Luego de las primeras jornadas, los organismos de derechos humanos que acompañan el juicio cuestionaron públicamente el trato discriminatorio hacia estos jóvenes testigos: “Observamos una serie de acciones que evidencian que este dispositivo judicial no se encuentra especializado en materia de infancias y adolescencias”, cuestionaron desde el grupo Justicia por Joaquín.
A su vez, la Secretaría de Derechos Humanos de la Nación señaló que “se estarían vulnerando derechos de las víctimas, testigos y familiares”, lo cual “pone en serio riesgo la legalidad misma del juicio, además de generar situaciones propias de violencia institucional cuando justamente se está juzgando ese tipo de conductas”. Paulatinamente, el Tribunal comenzó a escucharlos con más paciencia y cuidarlos del trato discriminatorio que les deparaba la defensa.

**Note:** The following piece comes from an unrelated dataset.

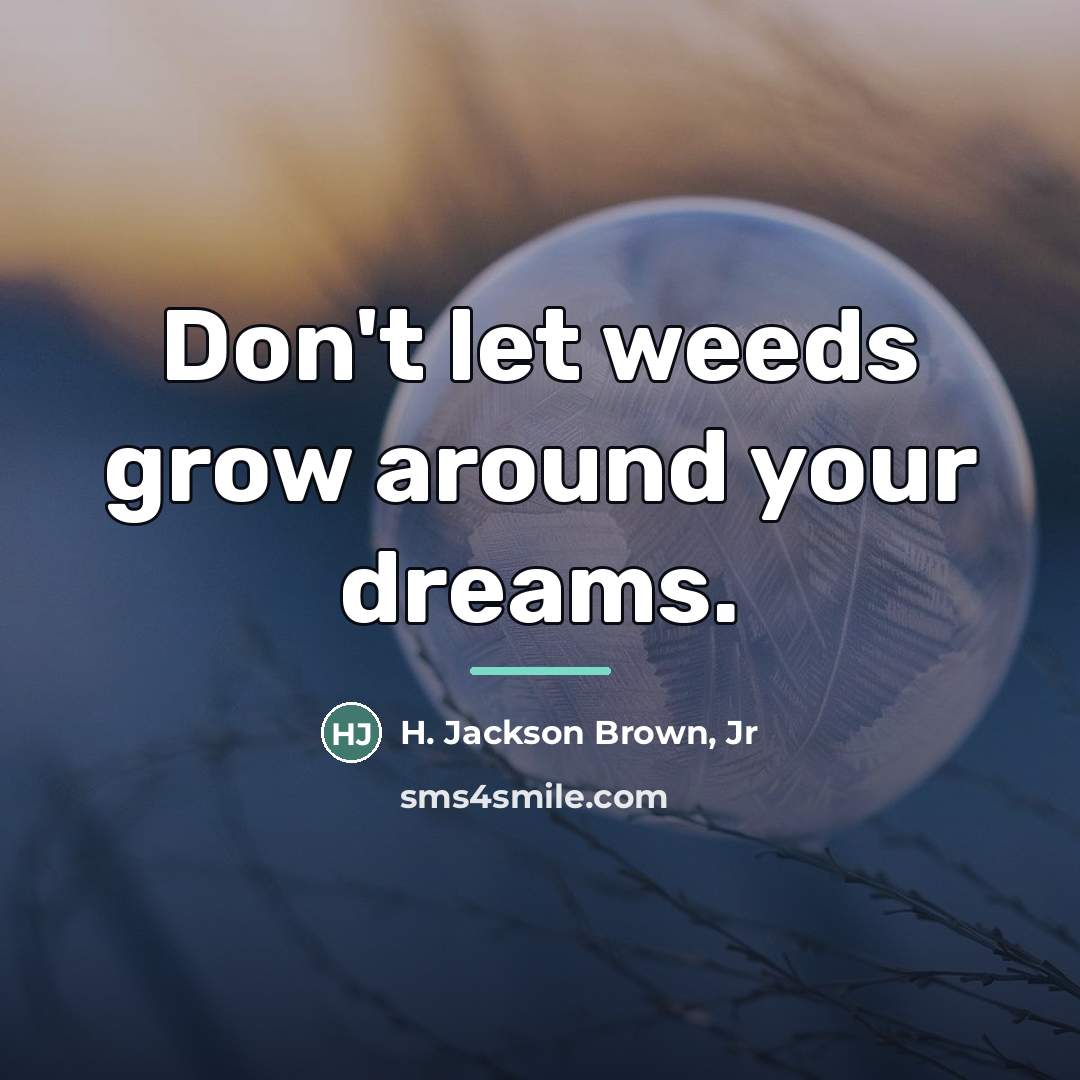 “Don't let weeds grow around your dreams.…” quote by H. Jackson Brown, Jr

Coautores y partícipes necesarios del crimen
Mientras tanto, otra cuestión también mejoró durante el juicio. Es decir, se agravó: la atribución de responsabilidad penal a los acusados por parte de la fiscalía. La Cámara en lo Criminal de Villa Dolores –oficiando de cámara de apelación- había limitado la acusación por “homicidio simple agravado por el uso de arma de fuego” sólo para el ex agente López, a quien junto con Luna se le atribuían además “lesiones graves en agresión agravadas por el uso de arma de fuego”, mientras a Alvarado, Gómez y Fernández Aliendro sólo se los acusaba por “omisión de los deberes de oficio” y coautoría de disparos de arma de fuego calificados y a Sosa Gallardo por “amenaza calificada”. Por eso López es el único que afronta el juicio detenido.

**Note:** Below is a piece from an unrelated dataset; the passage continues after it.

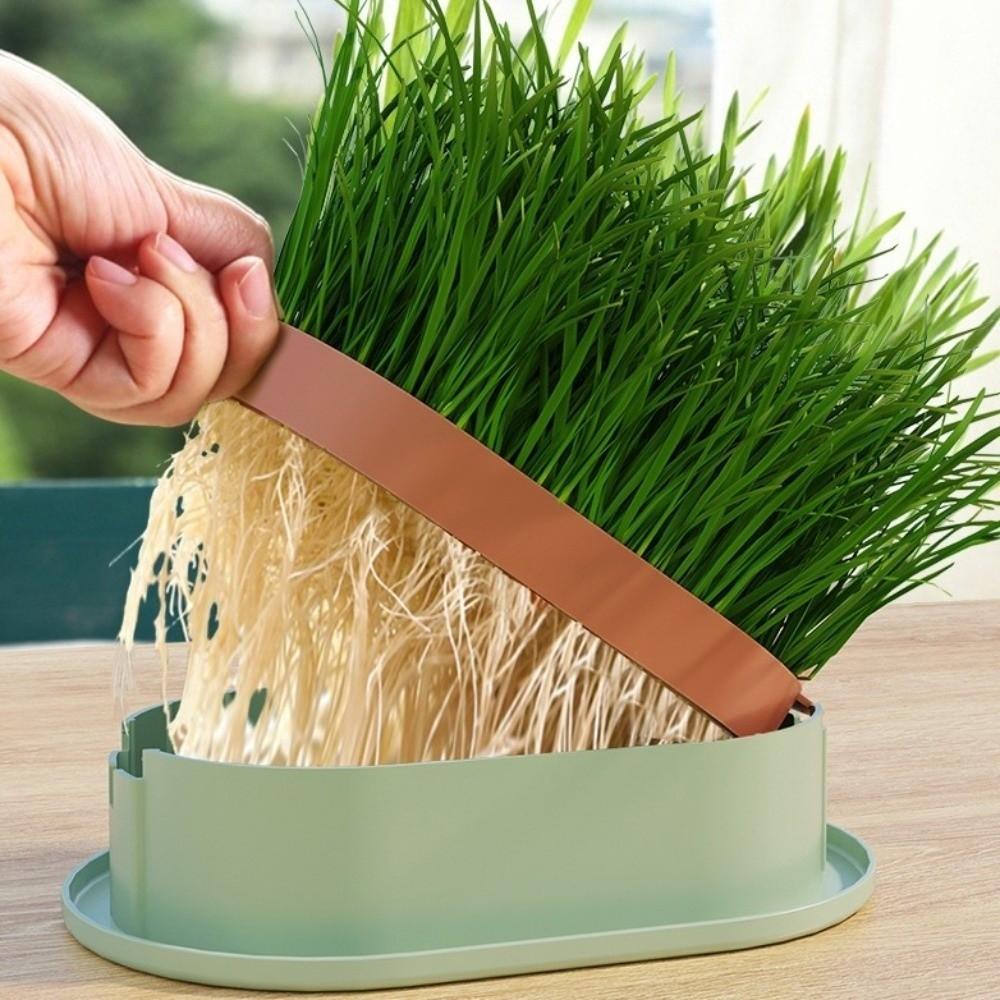 Removable Cat Grass Planter Box Layered Design Hydroponic Cat Grass Box  Home Decor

Pero en la audiencia previa a la inspección ocular del viernes pasado, a instancias de la fiscal Fabiana Pochettino, el Tribunal aceptó considerar a López y Luna “coautores de homicidio calificado por haber sido cometido en abuso de sus funciones por un miembro de la fuerza policial en perjuicio de Joaquín Gabriel Paredes” y de “homicidio calificado agravado en grado de tentativa reiterado”, contra los otros catorce jóvenes que escapaban de sus disparos. En tanto, a Alvarado, Gómez y Fernández Aliendro se los considera ahora “partícipes necesarios” de ambos delitos. Además, por la segunda tanda de disparos frente a la subcomisaría, se los acusa a todos por “abuso de arma calificado”. Excepto Sosa Gallardo, a quien se mantiene la acusación original por “amenazas calificadas por el uso de arma de fuego”.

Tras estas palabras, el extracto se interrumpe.